Having to sit out last season due to transfer rules certainly wasn’t easy, but those around her saw how she worked hard to improve herself on and off the court.
“When she first got here, and she had to sit out, that was a challenge for her,” said strength and conditioning coach Katie Fowler. “Basketball is such a big part of her life, so navigating that gap year was tough. What separates Allisha from her peers is her consistency. It was important for her to stay consistent with her workouts and understand what she needed to do from a physical standpoint.
“She knew that she couldn’t eat certain things. Even when the team had some down time, she wanted to come in and work. She would make the extra effort. You saw her come in and compete at a higher level, and her workouts kept getting better.”

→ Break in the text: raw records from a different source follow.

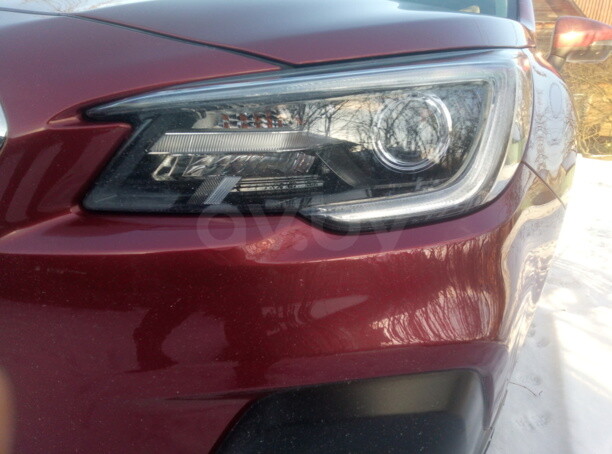 Subaru Outback V, 2017 г.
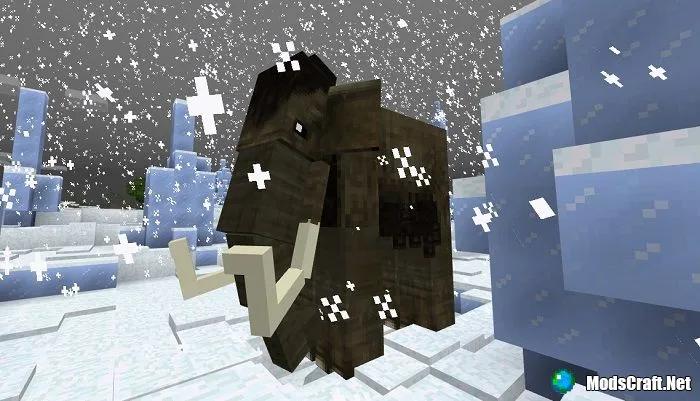 Мод Elephants and Mammoths 1.8+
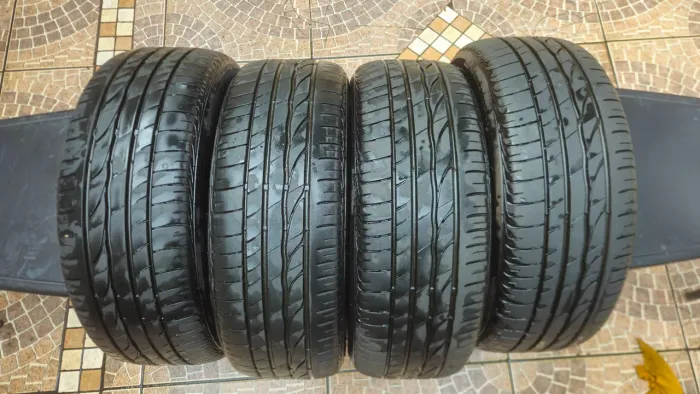 Pneus Bridgestone Turanza ARO 16" 205/55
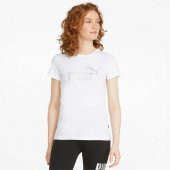 Puma Orijinal Kadın Tshirt - 1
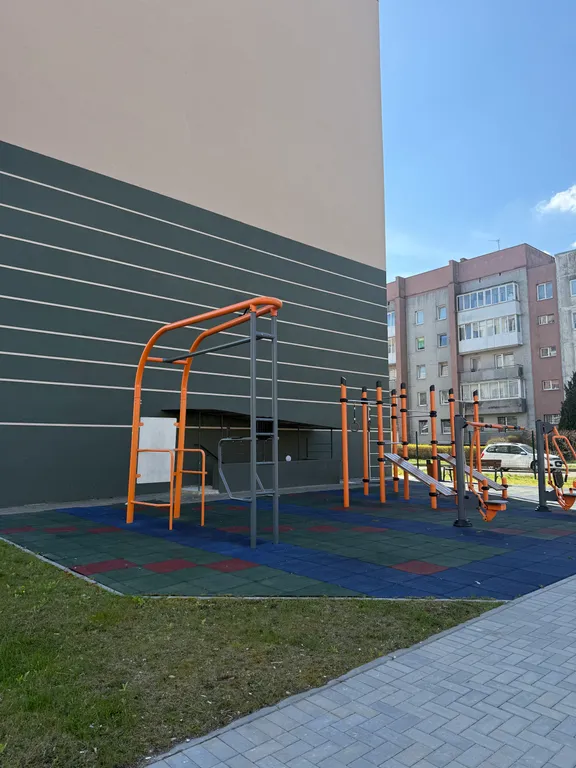 1-комнатная Квартира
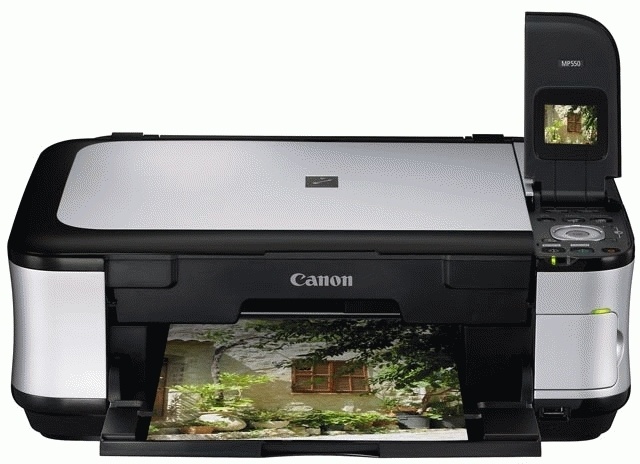 Canon Pixma MP550 Tintenpatronen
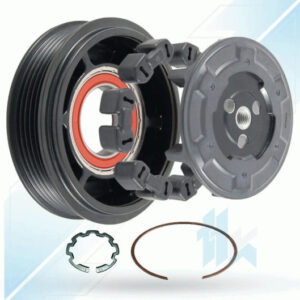 A/C Compressor Clutch Kit Holden Commodore VE 3.6L V6 2006-2013
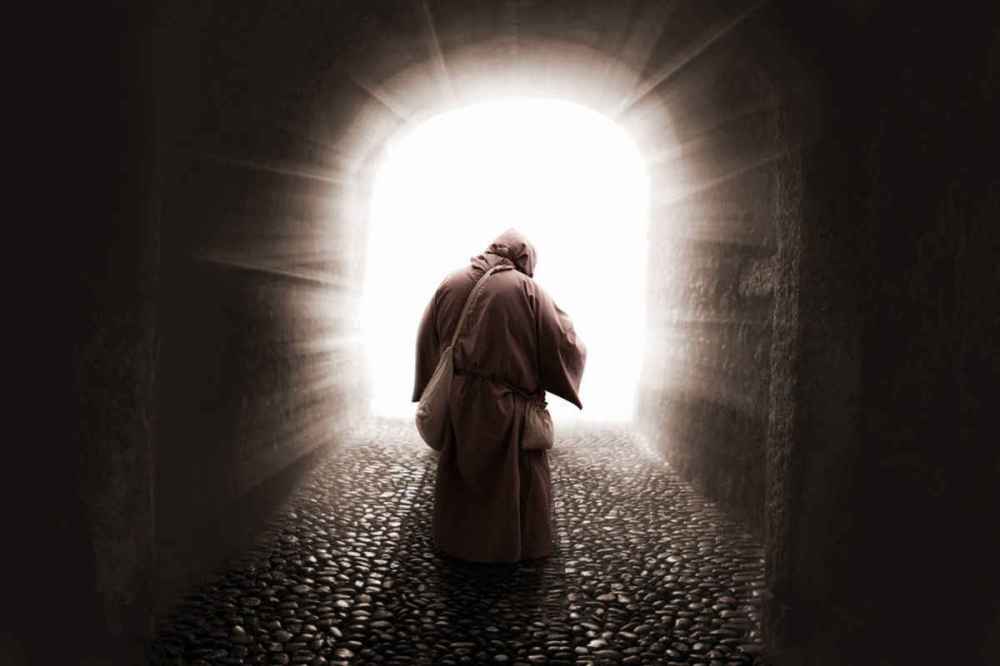 waiting for the master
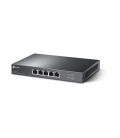 TP-Link 5Port 2,5Gb Metalen behuizing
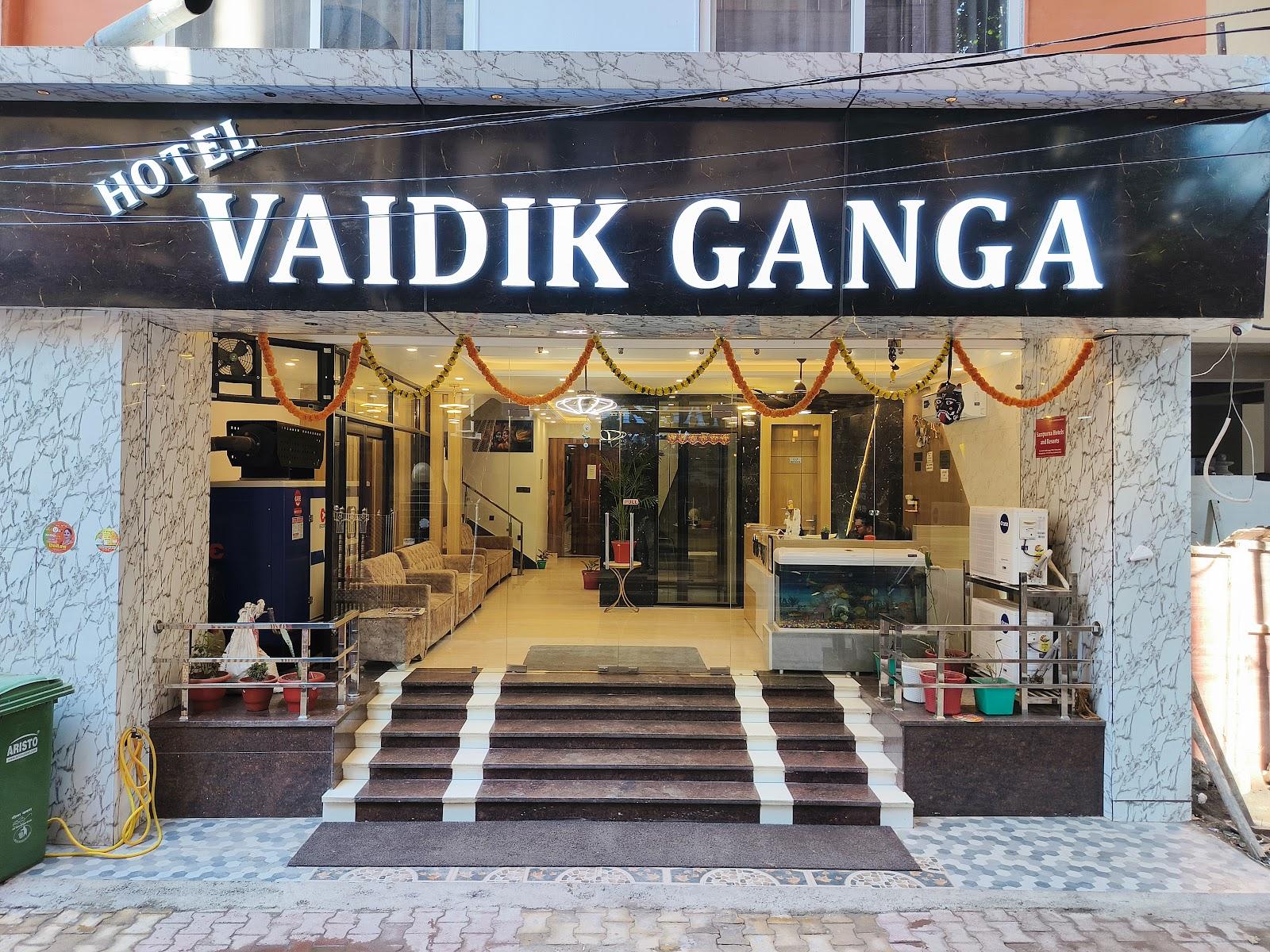 Hotel Vaidik Ganga – photo 3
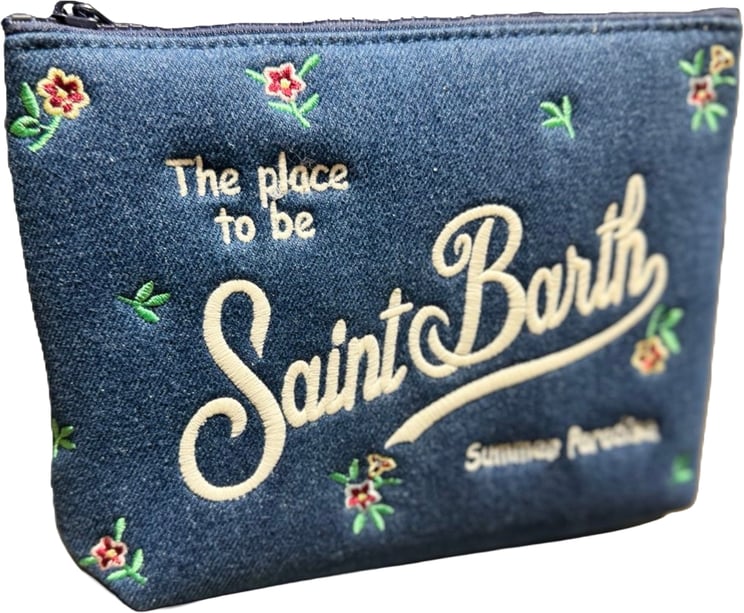 MC2 Saint Barth Bags Denim Scuro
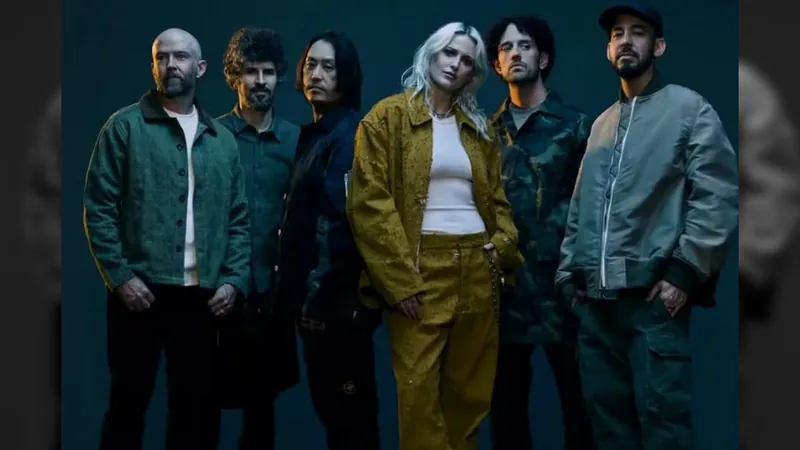 Linkin Park de volta: saiba as polêmicas envolvendo Emily Armstrong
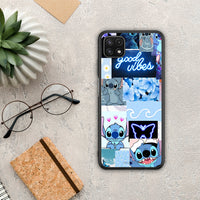 Thumbnail for Collage Good Vibes - Samsung Galaxy A22 5G θήκη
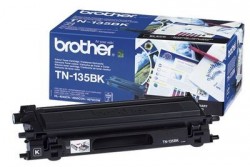 Brother TN-135BK Siyah Orjinal Toner - DCP-9040 /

“She comes from an amazing family, and I love her ability to compete,” McCray-Penson said. “She is one of the most competitive players on our team. She just goes hard all the time. Every drill, and everything she does, she just goes hard. That’s an intangible you don’t see all of the time these days. She brings it every single day. That’s a credit to the discipline from her family and how she was raised.”
The hard work has paid off for Gray and the Gamecocks.
“Working with Coach McCray has helped me get my shot to be more consistent,” Gray said. “I still like to drive and draw charges, but I’ve worked a lot on my pull-up. They’ve rebuilt me as a player.”
“She has become more of a student of the game on the defensive end,” McCray-Penson said. “She has been a defensive stopper and rebounder for us. She has added so much to our game that makes me very proud.”
And it’s not just the Gamecocks who are seeing what Gray brings to the program.
“The biggest change for her is efficiency with the volume of shots she gets,” Antonelli said. “She got more shots at North Carolina, but she is more efficient with those shots at South Carolina. I think she is a better passer because she understands how to make a post-entry into the bigs. Defensively, I think she is a better rebounder. I think she likes playing that No. 4 position. I think she realizes the value of her versatility because she is more mature.”
Having had to scout how to play against Gray earlier in her career, South Carolina coaches are glad she is now a Gamecock.
“I’m definitely glad we don’t have to figure out a way to stop her anymore,” McCray-Penson laughed. “I’m so glad to have her here for what she does on the court and off the court. Off the court, she’s funny but very quiet. She is a very likeable person. She is so humble and so honest. She is always going to do the right thing, and she loves her teammates.”
“It’s all about tradition,” Gray said. “There’s a tradition of winning here. Being able to play for Coach Staley and to learn from her, it was just the right fit for me. She’s a legend and one of the best to ever play the game.”